No bloodshed, no injuries, no arrests: HK extradition bill protesters vow peaceful response after deadline passes with demands unanswered

22-Jun-2019 Intellasia | South China Morning Post | 6:02 AM Print This Post

Protesters are set to besiege Hong Kong’s legislative and administrative headquarters on Friday, after the city’s embattled leader refused to fully withdraw the controversial extradition bill before their deadline at 5pm on Thursday.

The protesters’ four demands, which were issued on social media and internet messaging groups, also included that Chief Executive Carrie Lam Cheng Yuet-ngor retract all references to the clashes between protesters and police on June 12 as being a riot.

The other demands were to punish police officers who they claim used excessive force and drop all charges against protesters. The police have arrested 32 demonstrators, including five for rioting and 10 for violent crimes, over the clashes outside the Legislative Council on June 12.

Lam made a personal apology to the public on Tuesday over her mishandling of the bill, which, if passed, would allow the transfer of suspects to the mainland and other jurisdictions with which the city has no formal extradition agreement.

Protest groups, including teachers, parents, religious officials and two lawmakers gather outside the Chief Executive’s Office on Thursday.(SCMP)

Protest groups, including teachers, parents, religious officials and two lawmakers gather outside the Chief Executive’s Office on Thursday.(SCMP)

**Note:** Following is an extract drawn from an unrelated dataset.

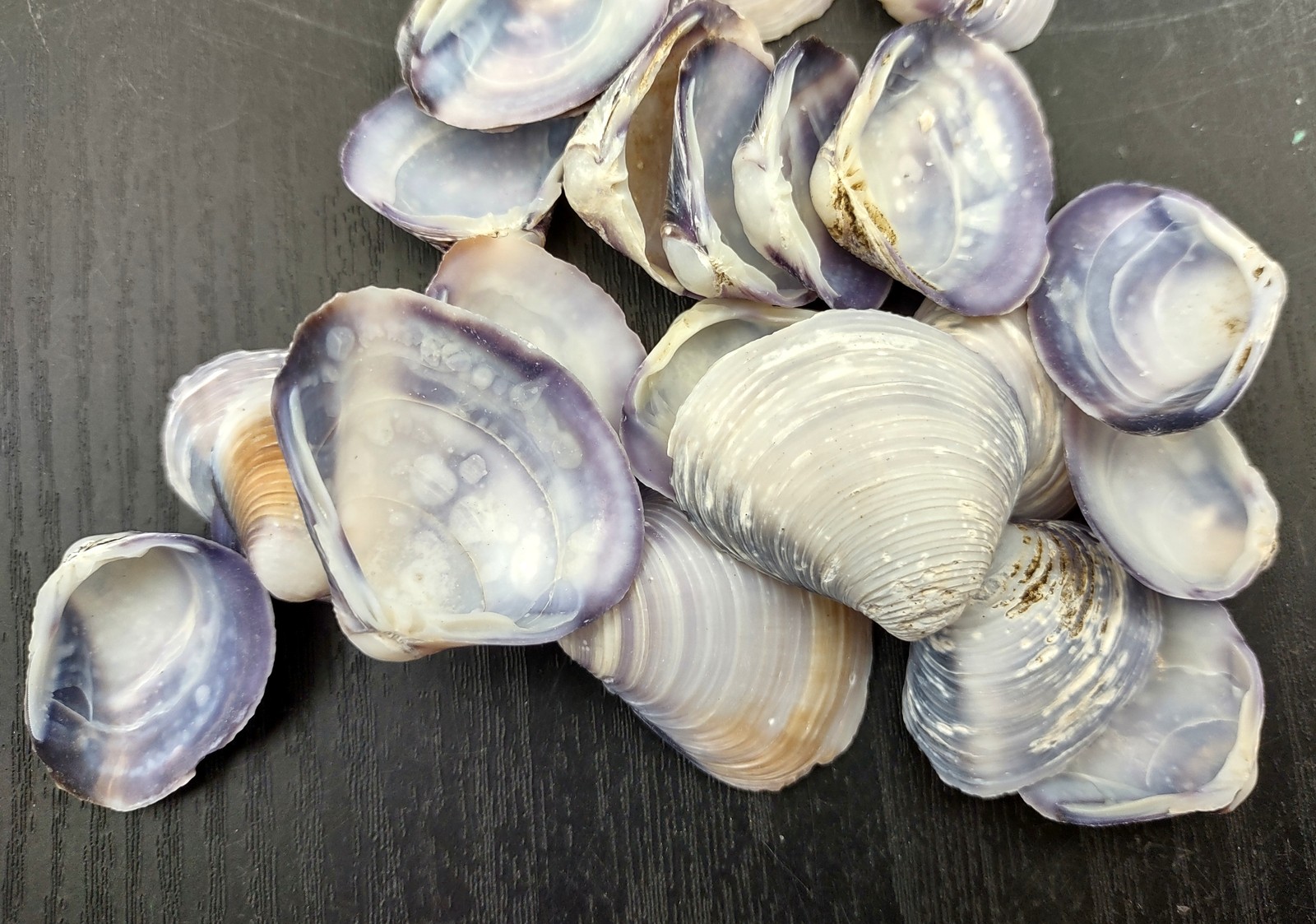 Purple Cay Cay Clam Seashells (approx. half cup +/-70 shells 0.5+ inches)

But that failed to satisfy protesters, and about 100 people gathered at Legco’s protests zone on Thursday evening, with some having already been there for hours, others several days.

They insisted the government should meet some or all of the four demands from the people, and looked forward to discussing future steps with other protesters.

However, the city’s former top prosecutor Grenville Cross said the chief executive cannot interfere with criminal investigations, as this would be contrary to the city’s mini-constitution, the Basic Law.

“Article 63 makes clear that the control of criminal prosecutions is vested not in the executive, but in the Department of Justice,” he said.

Lam also said on Tuesday that “anybody who has committed an offence has to be brought to justice”.

Even though there was no major movement at 5pm, various pressure groups issued a joint statement, and vowed to begin a non-cooperation movement at 7am on Friday.

They also urged other protesters to gather outside the government’s headquarters at 8pm on Friday, if they could not make it in the morning or afternoon.

Those groups, mainly in Telegram chats, consist of tens of thousands of protesters.

“The movement will last until our demands were being responded to,” the statement reads.

Suggested actions of non-cooperation include picnicking outside the Legco complex, the Chief Executive’s Office, the police’s headquarters, or government House, Lam’s official residence.

Protesters can also choose to strike, boycott their classes, or “pay attention to road safety when using public transport or driving”, while those in professional sectors could also follow up on the police’s use of force by legal means.

A 29 year-old protester, who wished to be unnamed, said he did not expect the government to respond.

We will be at the front line, protecting peaceful protesters. Our principle is still no bloodshed, no injuries and no arrests

Andrew Wan Siu-kin, Democratic Party lawmaker

“The so called deadline is set by netisens,” he said. “When there was no response to two million people who took to the streets, why would she respond to us?”

Democratic Party lawmaker Andrew Wan Siu-kin urged the public to put personal safety first on Friday, when some are expected to protest outside government headquarters in Admiralty.

“We will be at the front line, protecting peaceful protesters,” Wan said. “Our principle is still no bloodshed, no injuries and no arrests.”

Waiter Olaf Leung, 26, said some friends and he were ready to storm the Chief Executive’s Office when conditions were right.

“We will have to see how the government responds and what the police is planning to do,” Leung said. “We will also need a critical mass which must at least be able to occupy the Harcourt Road.”

Another protester, a professional driver who calls himself Orange Head, said different forces in the movement should think about how to collaborate and support each other to carry the fight forward.

“We don’t have to have an unanimous decision on what to do next, but we need coordination of different plans,” he said.

“We should all think about what we can do to join a wider non-cooperation movement. Can we spend the time on shopping and dim sum on Sundays to make the government’s administrative costs higher?”

Separately, some 20 members from 11 social groups and two lawmakers, the Civic Party’s Dr Kwok Ka-ki and the Labour Party’s Dr Fernando Cheung Chiu-hung, stood in the baking heat outside the Chief Executive’s Office on Friday afternoon, and called on the city’s leader to meet the young protesters and answer their demands.

They also urged Lam to prevent further clashes between police and young protesters. “Carrie Lam, don’t shoot our kids,” their placards read.

The group vowed to stay overnight outside the Chief Executive’s Office and called on parents, cultural workers and Christians to join them.